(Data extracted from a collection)
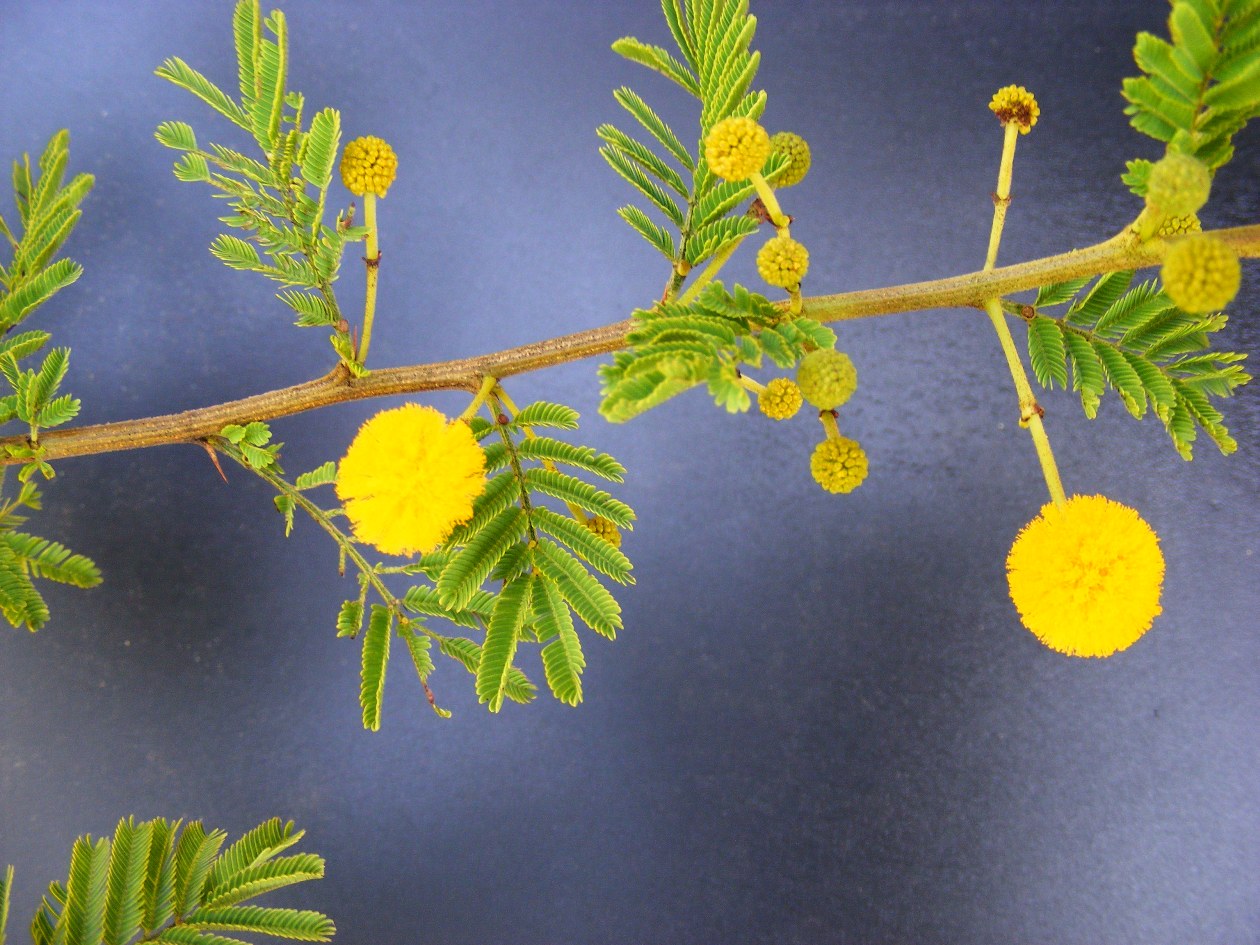 Acacia hockii Acacia hockii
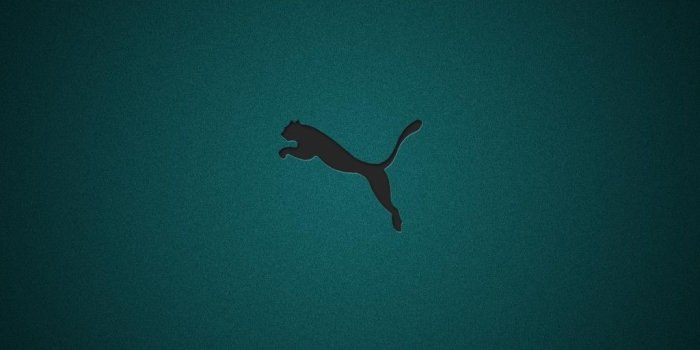 1024x768 Puma Wallpaper 3 - 1024 X 768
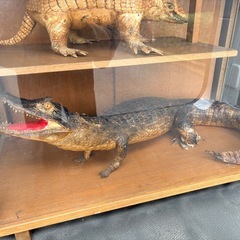アルマジロ　ワニ　剥製の画像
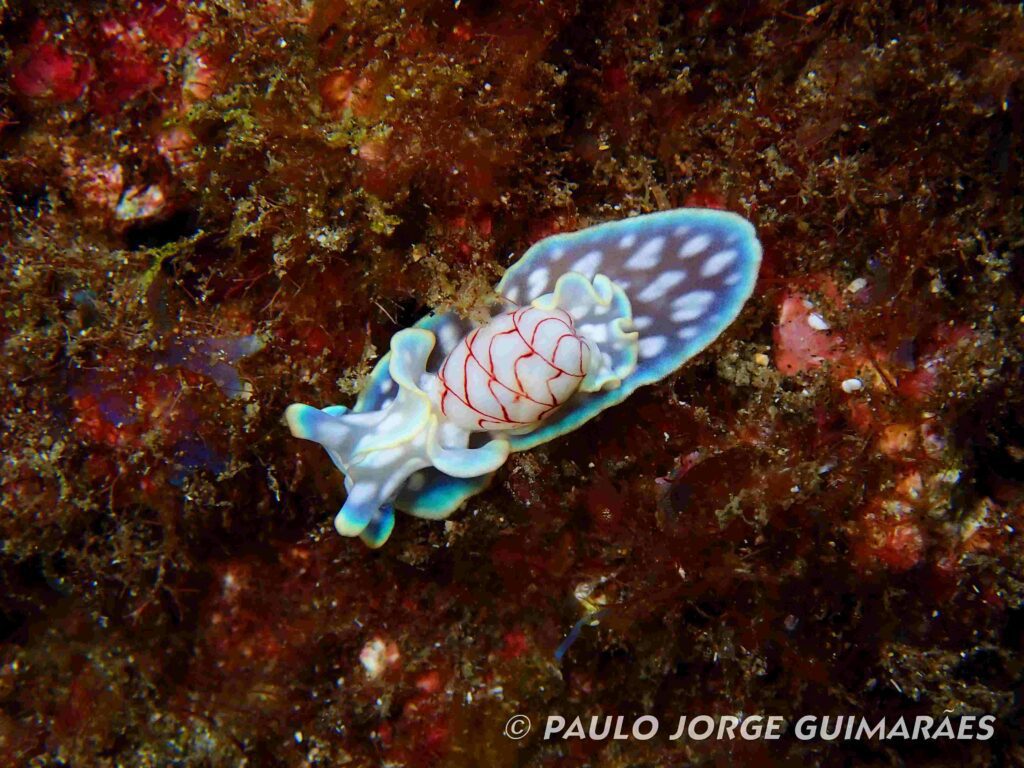 Nudibranch (Paulo Jorge Guimaraes)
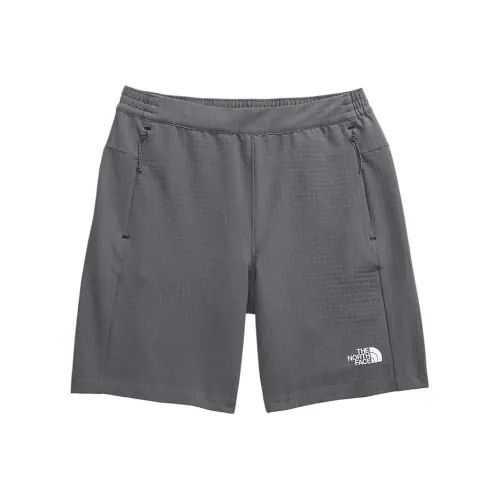 The North Face Серые Мужские Спортивные Шорты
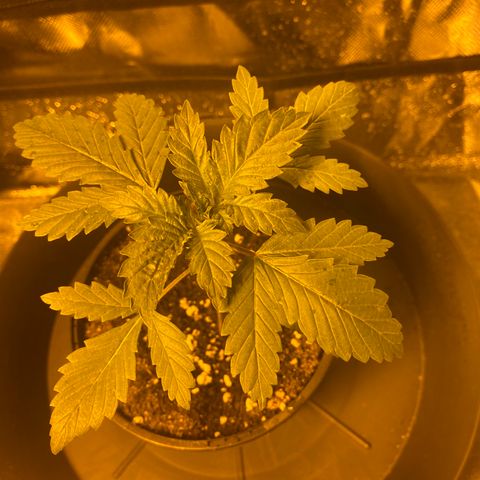 5 divas  growlog timeline photo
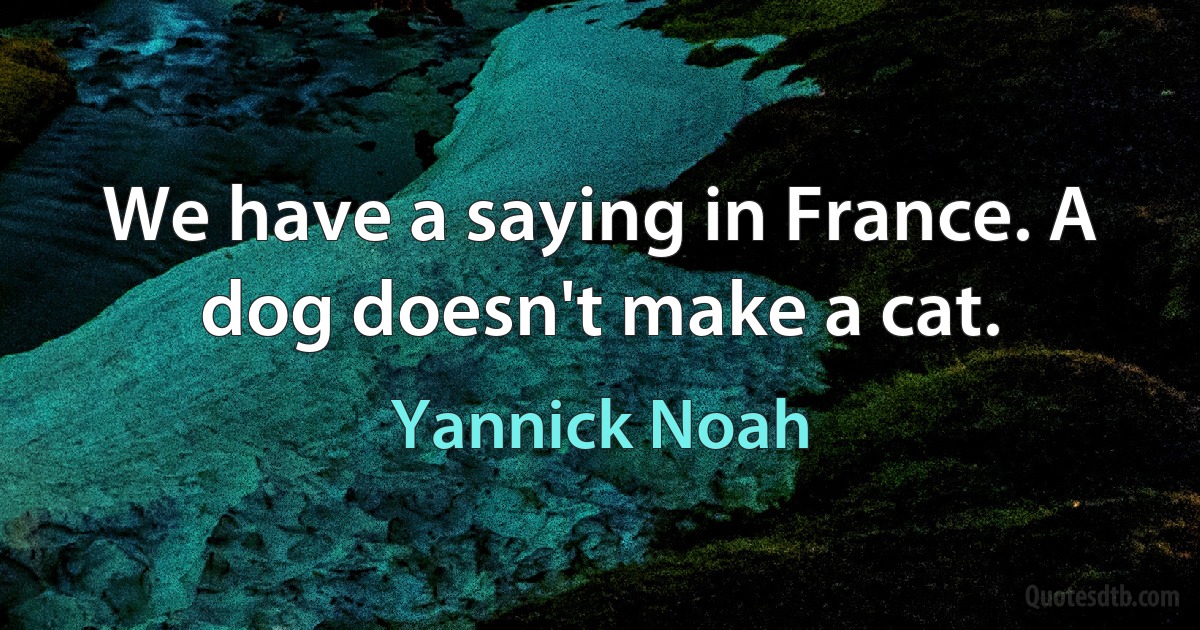 We have a saying in France. A dog doesn't make a cat. (Yannick Noah)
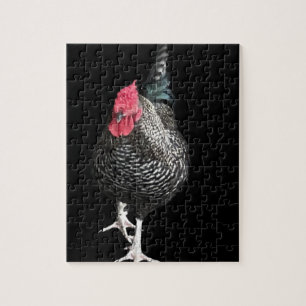 Svart skärande Cockerel nr 3 Pussel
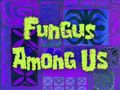 Fungus Among Us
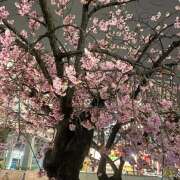 ヒメ日記 2026/03/06 09:28 投稿 あいり Queen Angel(クイーンエンジェル)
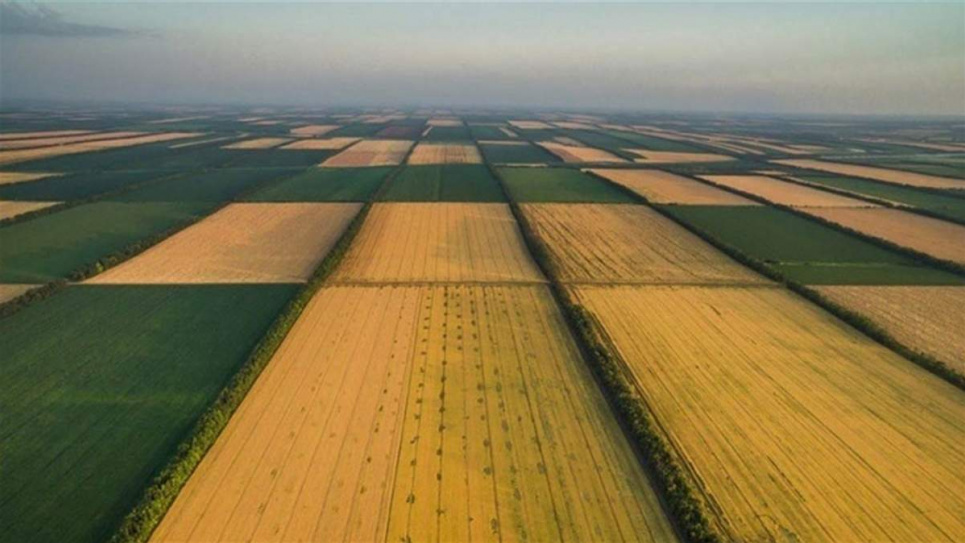 ФДМУ за тиждень провів 25 земельних аукціонів на 27,4 млн грн ФОТО: ілюстративне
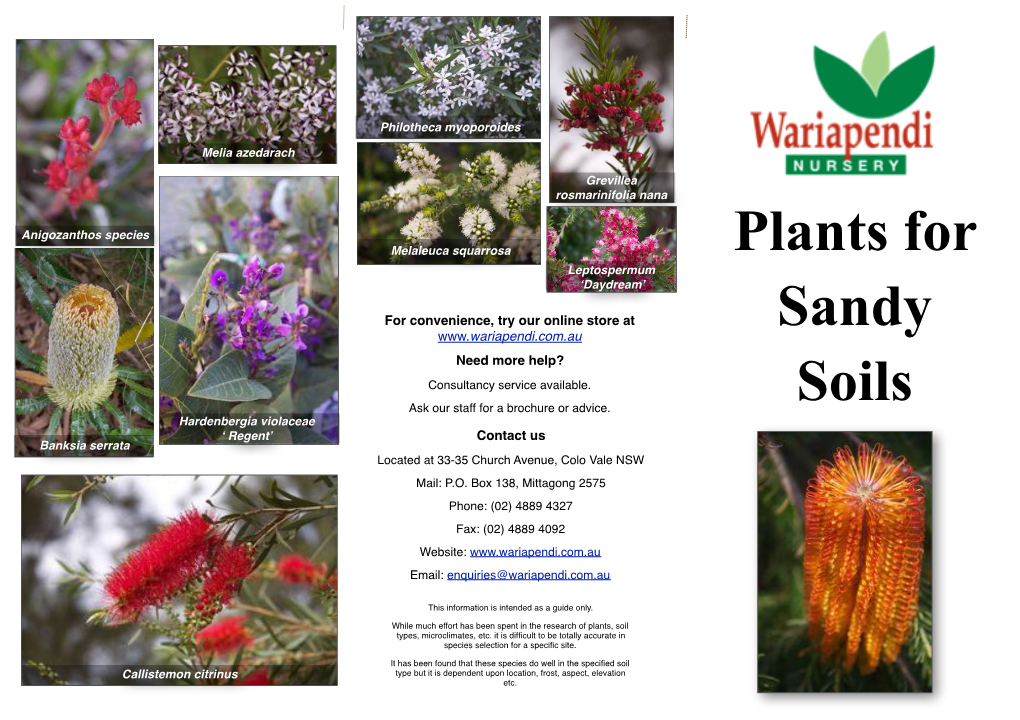 Plants for Sandy Soils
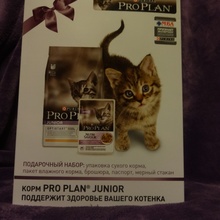 Мелким котам- большие подарки:) от Pro Plan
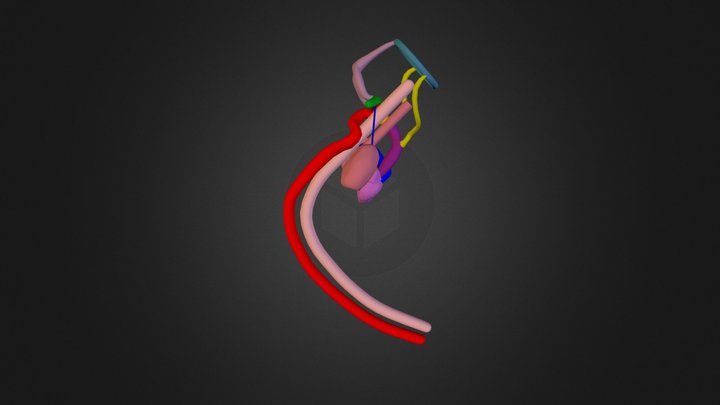 LAA Right Decending aorta 3D Model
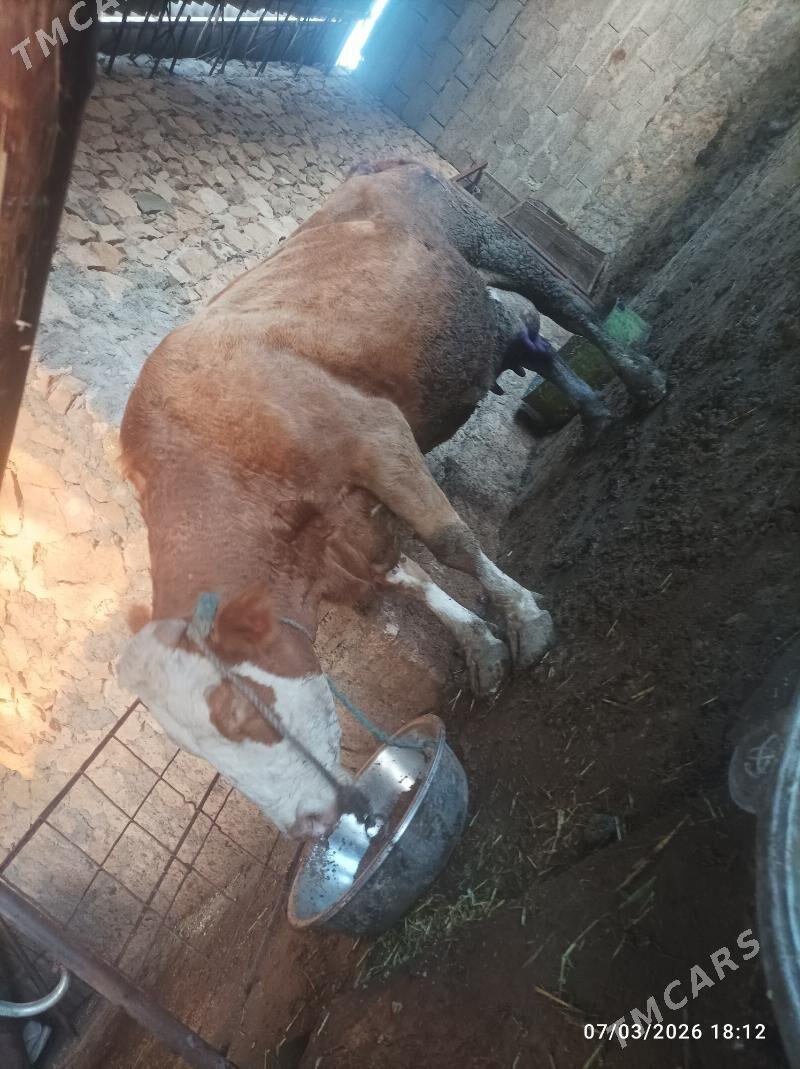 Semental sygyr saglyk - Койтендаг - img 1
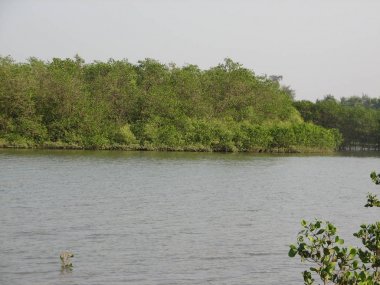 Mangrov orman, bir düşük tide dönemde su görünümünden.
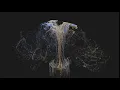 Particle Explosion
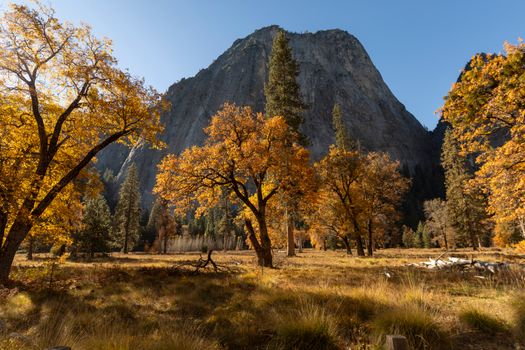 Majestic autumn scenery with vibrant foliage and mountains in Yosemite National Park.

Task statement: Your answer is the exact run of lines above from the one with "Nudibranch (Paulo Jorge Guimaraes)" through the one with "ヒメ日記 2026/03/06 09:28", both ends included, minus any picture.

Worked solution:
 Nudibranch (Paulo Jorge Guimaraes)
 The North Face Серые Мужские Спортивные Шорты
 5 divas  growlog timeline photo
 We have a saying in France. A dog doesn't make a cat. (Yannick Noah)
 Svart skärande Cockerel nr 3 Pussel
 Fungus Among Us
 ヒメ日記 2026/03/06 09:28 投稿 あいり Queen Angel(クイーンエンジェル)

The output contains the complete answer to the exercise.